歳を取ると腰や膝が痛むメカニズムを解説。シャキッと歩き続けるための行動を起こさせる一冊
———三輪先生が提唱する「腰ひざ股関節シンドローム」とは。
私たちが歩いたり動いたりする際、幾つもの関節が協調して初めて機能します。とくに歩行に大切な腰とひざ、股関節は密接に連動しており、例えば腰が悪くなるとひざや股関節などほかの関節にも負担がかかり、やがて足を引っ張り合うように同時に幾つもの関節が悪くなっていきます。
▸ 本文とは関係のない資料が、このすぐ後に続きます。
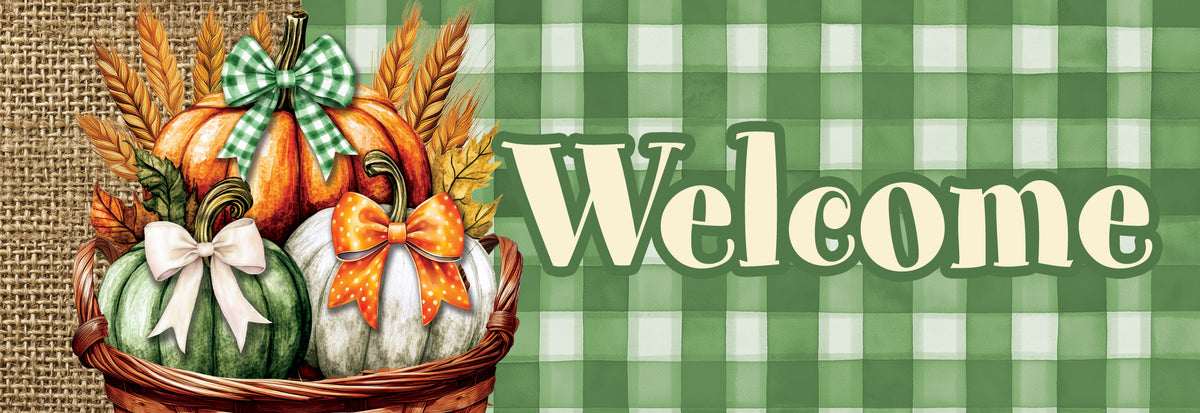 Pumpkin Bows Basket-Signature Sign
それこそが、私が『腰ひざ股関節シンドローム』と呼ぶ状態です。
腰やひざ、股関節が悪くなると、痛みや変形のため、歩行に支障を来たします。歩かないでいると心肺機能も衰え、動くのがさらに辛くなり、どんどん寝たきりが進行します。そして寝たきりになると、表情や感情がなくなり、哀しいことに人間性まで失われ、ただ生きているだけになってしまいます。一度はまると決して抜け出せない、そんな負のスパイラルに陥らないために、腰やひざが悪くなり始めたら一刻も早く手を打たなければいけません。
——著書『腰ひざ股関節シンドローム 100歳までシャキッと歩くために知るべきこと』はどのような本ですか。
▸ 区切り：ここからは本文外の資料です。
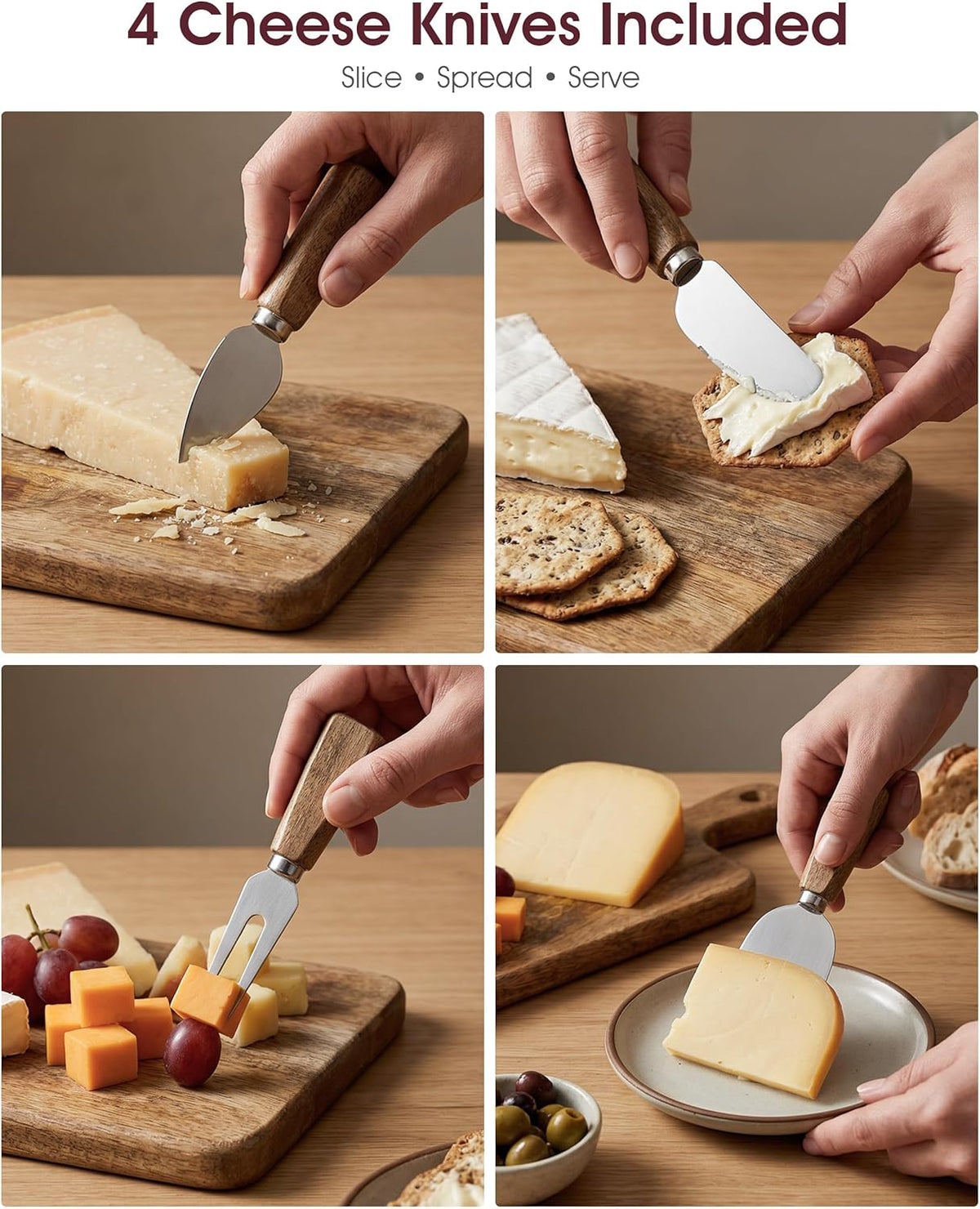 100% Acacia Wood Charcuterie Board Gift Set with 4 Cheese Knives | Natural Wood Grain, Smooth Polished Finish, Charcuterie & Cheese Board,Hosting & Everyday Serving,Premium Gift Box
歳を取ると、なぜ腰やひざが痛くなるのか? なぜ腰やひざが曲がってくるのか? なぜ歩けなくなっていくのか? そのメカニズムを『軟骨病』として、詳細に分かりやすく解説し、対処法や治療法を紹介した本です。
高齢者は勿論、高齢のご両親や祖父母のいる現役世代、さらにはスポーツや労働で腰やひざを痛めた、腰ひざ股関節シンドローム予備軍である若い方々に読んでいただきたいですね。悪くなる原因や理屈を知っていれば、予防や対策、治療のしかたが自ずと分かりますが、知識がなければ何もアクションを起こせません。ズルズルと悪くなっていくのを、歳だから仕方ないと放置し、すごく悪くなってからこれはまずいことになったと気づくのです。
しかし悪化して歩けなくなってから気づいても遅いのです。なんとか歩けるうちに手術を受けないと余程の努力をしない限り歩けるようにはなりません。そのずっとずっと前、つまり異常の原因が生じた際に積極的に手を打つ必要があった訳で、そのきっかけになるような本をめざしました。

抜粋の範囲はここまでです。